One opening note: the OECD has shifted away from talking about intangible capital and now calls it knowledge-based capital (KBC).  Even though I wrote a book called Intangible Capital, I’m sympathetic to the dilemma. Vocabulary is still an issue in our field. Not sure that KBC is that much of an improvement but you better add KBC to your glossary and move on to the substance.  Because the basic ideas are not in question. KBC/IA/IC are the dominant drivers of our economies and our companies today. So let’s just keep trying to build the field.

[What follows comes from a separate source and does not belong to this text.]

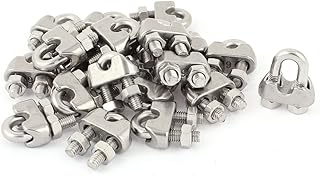 Aexit 6mm Zinc Chain & Rope Fittings Plated Metal Wire Rope Cable Clamp Clips Wire Rope Clips Fastener 20pcs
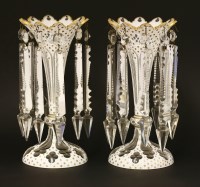 Lot 395 - A pair of Bohemian cased glass lustres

This conference provided a lot of good new perspectives to our collective discussion. It also brought a number of new people into the conversation.  The format of this conference was panels of three or so academics discussing different facets of the field including:

  • Corporate Reporting and National Accounts
  • Ownership and Capital
  • Digitization
  • Human Capital
  • Intellectual Property
  • Taxation

For those of you who notice these things, you can't have a conference on this topic and not address the many facets of intangibles. Although they didn't use the IC framework, the discussions hit on all four categories of human, relationship, structural and strategic capital.

This was primarily a policy conference but there’s a lot here for businesspeople too. The webpage for the conference has most of the slide decks used by the speakers.  A few highlights include Andy Updegrove on standards, Carol Corrado (a leader in thinking about economic measures) on future data needs and Michael Mandel suggesting that data is a new category of goods (as in products+services+data).


There’s a related conference in Paris in February. If you go, please let us know what you learn.